<<<<

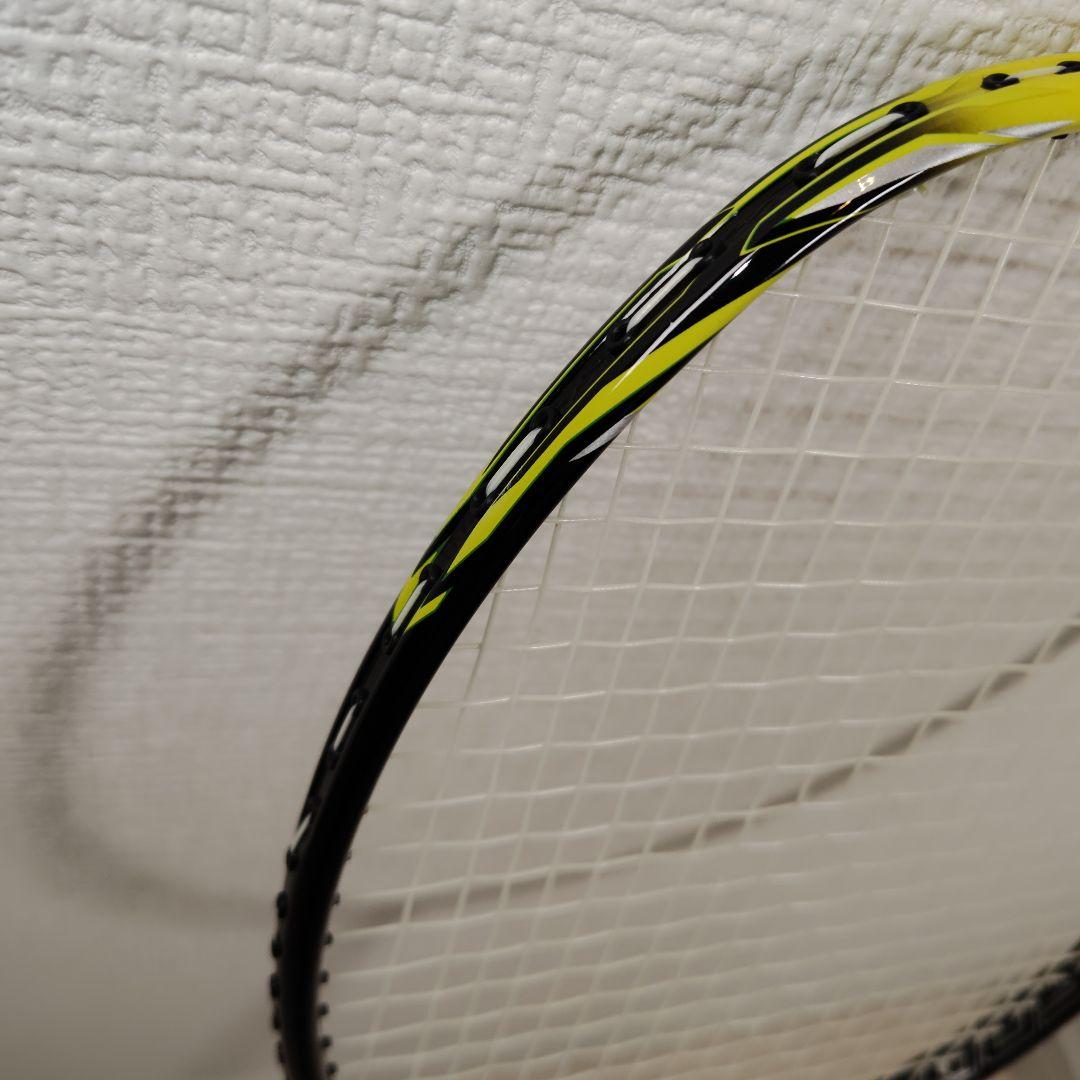 ミズノ　バドミントンラケット　ALTAIR500 4U5G　イエローブラック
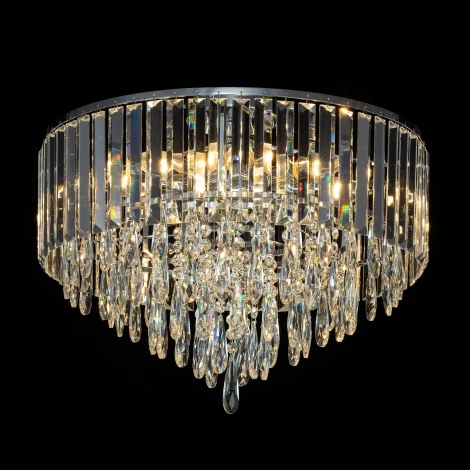 Потолочная люстра каскадная хрустальная Citilux Leonna CL320181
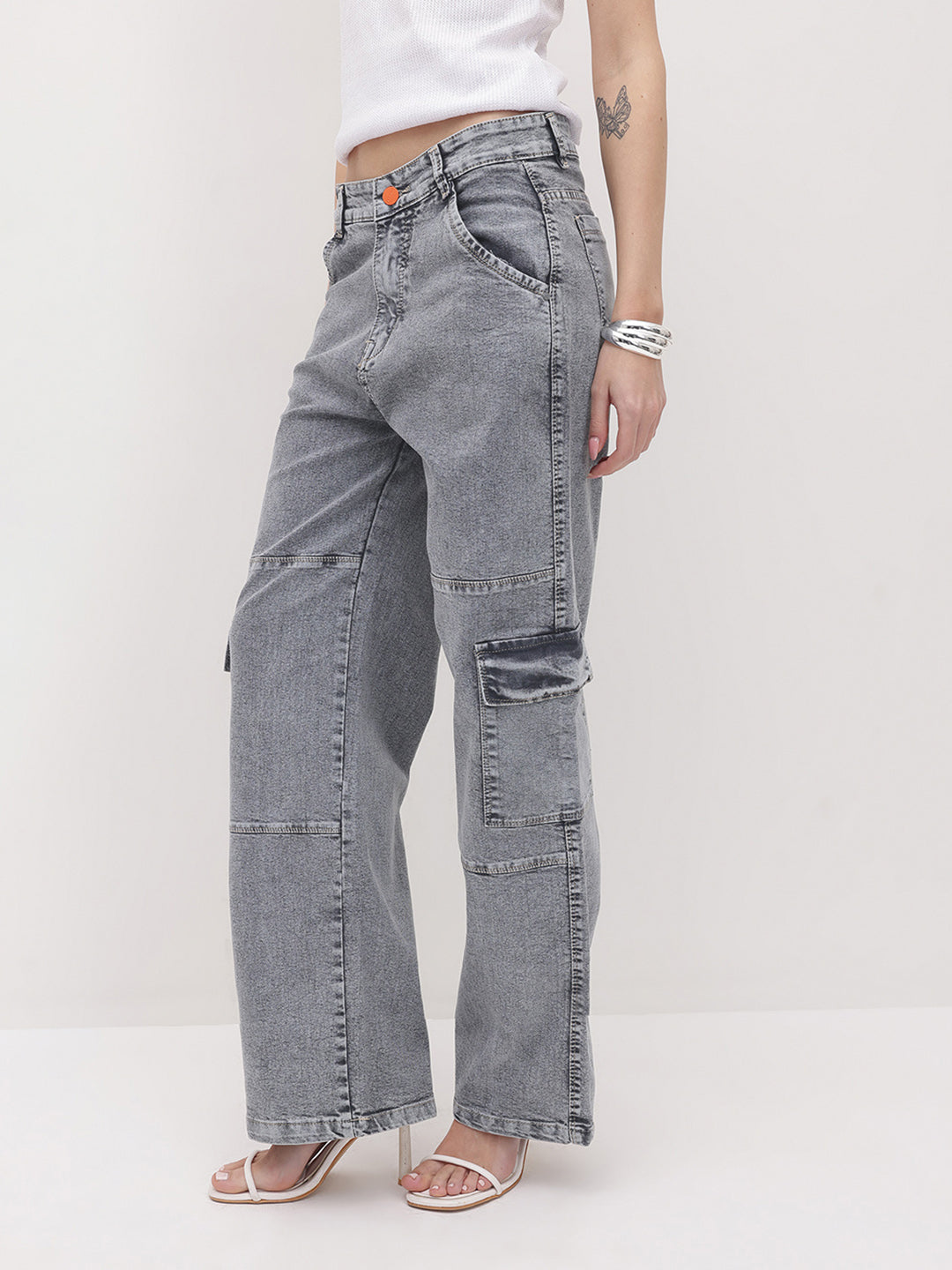 Urban Edge High-Rise Utility Denim
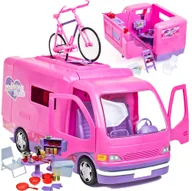 Domki dla lalek - Auto dla lalek, otwierany kamper, domek dla lalek, camper zestaw z rowerem + akcesoria - miniaturka - grafika 1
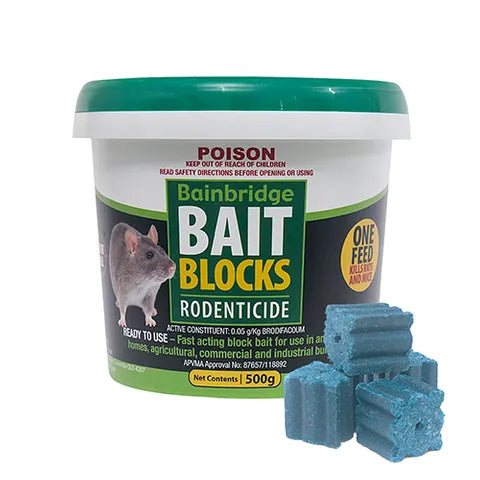 Rodent Bait Blocks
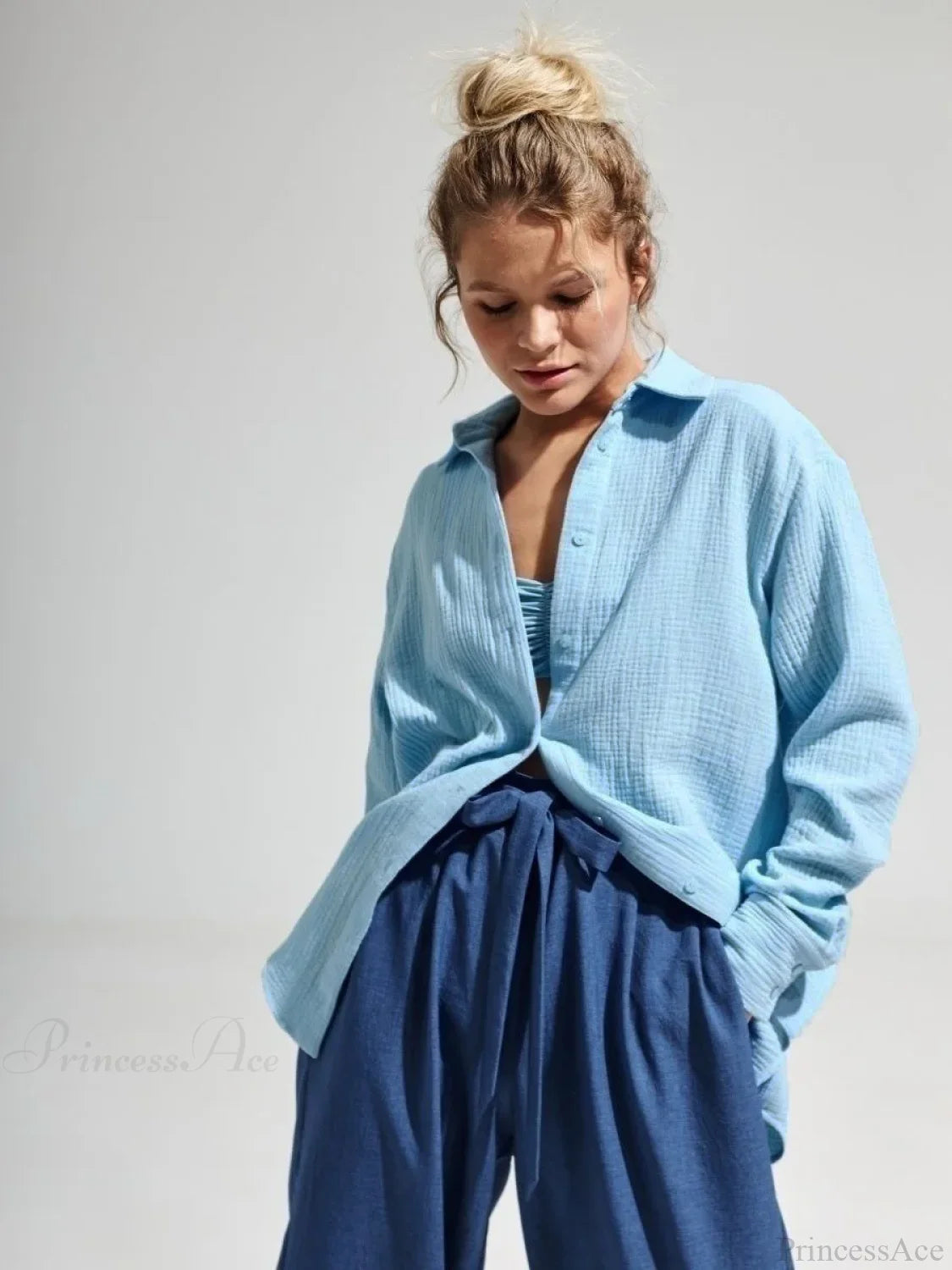 Vintage Loose Fit Blouse blouse-250223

>>>>

• [YOUR OBJECTIVE]: Your answer must be an exact repeat of the records above, with the pictures left out.

• [EXERCISE ANSWER]:
 ミズノ　バドミントンラケット　ALTAIR500 4U5G　イエローブラック
 Потолочная люстра каскадная хрустальная Citilux Leonna CL320181
 Urban Edge High-Rise Utility Denim
 Domki dla lalek - Auto dla lalek, otwierany kamper, domek dla lalek, camper zestaw z rowerem + akcesoria - miniaturka - grafika 1
 Rodent Bait Blocks
 Vintage Loose Fit Blouse blouse-250223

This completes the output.